That is great really, except we live in a world with the iPhone XS/Max. So on paper the Pixel 3 is not leading in any category besides its still class-leading camera powers, and other things that people who live inside Google’s ecosystem would enjoy. Thankfully that describes me to a tee.

I say with no irony that this is the most iPhone-y experience I’ve had yet on Android. It’s not a knock as a copycat, but it provides finally that fit and finish matching post-iPhone 8 hardware, with a visual presentation to match. I didn’t know how much of that edge-to-edge look added to this phone. I had it side by side with the Pixel 2, and despite similar displays, the Pixel 3 knocks things out of the park just because the angle my eyes see the edges of the screen, making it “float” towards the top like an iPhone X does.

As for features, it’s similar to the Pixel 2 on Pie. The only quirk is the tall screen makes pulling down the notification shade harder than the 2, and the wider aspect makes my full screen games look slightly different.

Besides the screen, there are major improvement in the speakers–they have a lot more depth and reverb and makes it sound way more solid than the Pixel 2’s. The buttons feel much better with better flex and feedback, where as the Pixel 2’s feels like they could get stuck. The haptic engine is improved, but I normally don’t use it anyway.
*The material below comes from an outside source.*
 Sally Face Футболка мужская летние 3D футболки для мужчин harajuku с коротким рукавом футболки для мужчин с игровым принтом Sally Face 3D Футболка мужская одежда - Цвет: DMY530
These 3 points are in the order of decreasing importance, if you didn’t notice.

Wireless charging is something I can actually live without, but I splurged for a Pixel Stand. I can use one for my desk, and I still haven’t messed around it enough to give a proper review. So far it’s mainly just to fast charge, show the time and notification, and do the sunrise alarm thing. I think I am staying clear of a wireless charging pad on the Tesla Model 3, but I can see the appeal if the wiring situation is squared away (long story). Maybe in the future when they’re cheaper (the cheapest one I would buy is $50).
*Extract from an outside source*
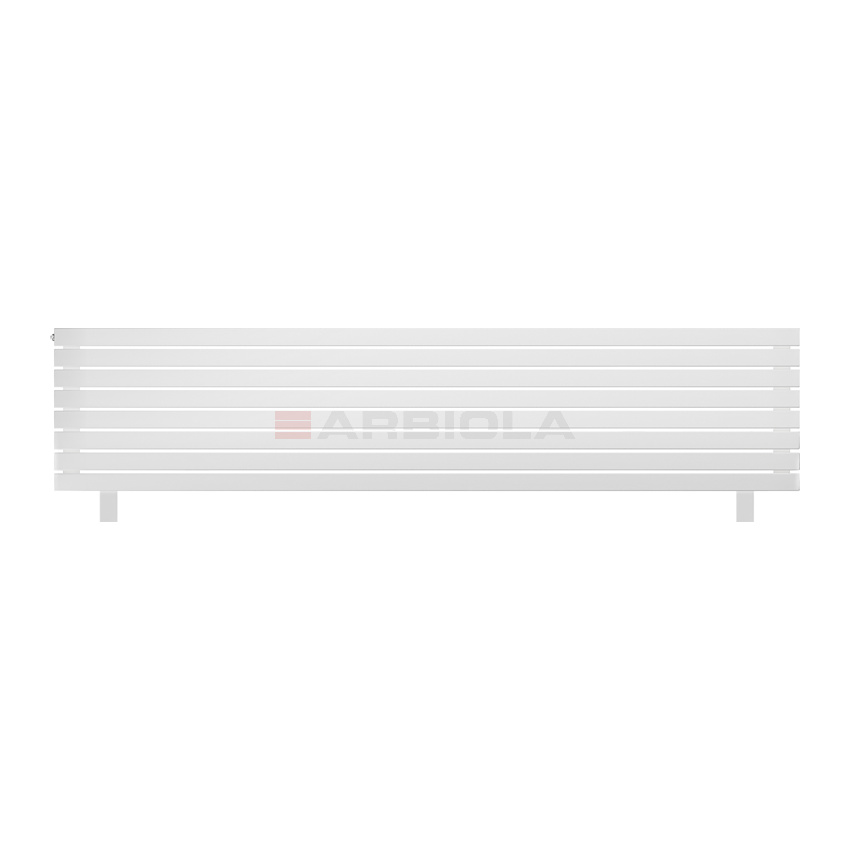 Arbiola Gorizont Liner HZ 2500-63-08 секции белый горизонтальный радиатор c боковым подключением с ножками Arbiola Gorizont Liner HZ 2500-63-08 секции белый горизонтальный радиатор c боковым подключением с ножками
Not much to say otherwise. There are some integration in the Pixel 3 that makes sense which hasn’t rolled out to the Pixel 2 yet. Putting a photo scan link in the photo app makes sense, but I think this might be in Pixel 2 already. New nav for camera makes more sense than before, and it’s easier to use. I sideloaded the night mode beta and it is definitely as jaw-dropping as they say. Sample photos here and here.

In conclusion? This is the phone the Pixel 2 should have been. I don’t want to mention the XL line here because the 2 XL is a much closer presentation to the 3 XL than 2 was to 3. In a way, the Pixel 3 is actually the non-notched answer to our burning need for a modern, iPhone X-y device. LOL. Too bad the iPhone X is going to be a year old in December.

As for the rest of the competition… if you are looking at this phone and not, say, a 1+ 6T or Galaxy Note 9 or Huawei Mate 20 Pro, then nothing more needs to be said. Software superiority is something real. Integration matters. This is still the heart of the Pixel experience, where you get real-time chat and support over the web, your phone (as in not voice, but app), as well as traditional telephone service. It still has a long ways to go to catch Apple in terms of physical stores supporting users, but it’s slowly getting there. At least it needs to solve my Pixel 2 camera problem with less lead time than 48 hours!

I think I see clearly where Google is trying to catch up, and it’s a lot of stuff difficult to market. It doesn’t show up on a spec sheet. But for Americans it matters… So I think I will continue to use a Pixel phone in the future, and let Google take care of my personal info in exchange for services it provides.

Apple vs FBI Nonsense

I feel the debate about unlocking that San Bernardino attackers’ phone is another one the press don’t get the technical stuff right, at least enough.

First of all it is not a balance between privacy and security or safety. In Fourth Amendment jurisprudence, the heart of the matter is that safety and freedom come hand-in-hand. More privacy and security means more freedom and better and safer society more often than not. Safety and privacy only conflicts at the edge case. We should not frame this debate as a zero-sum game.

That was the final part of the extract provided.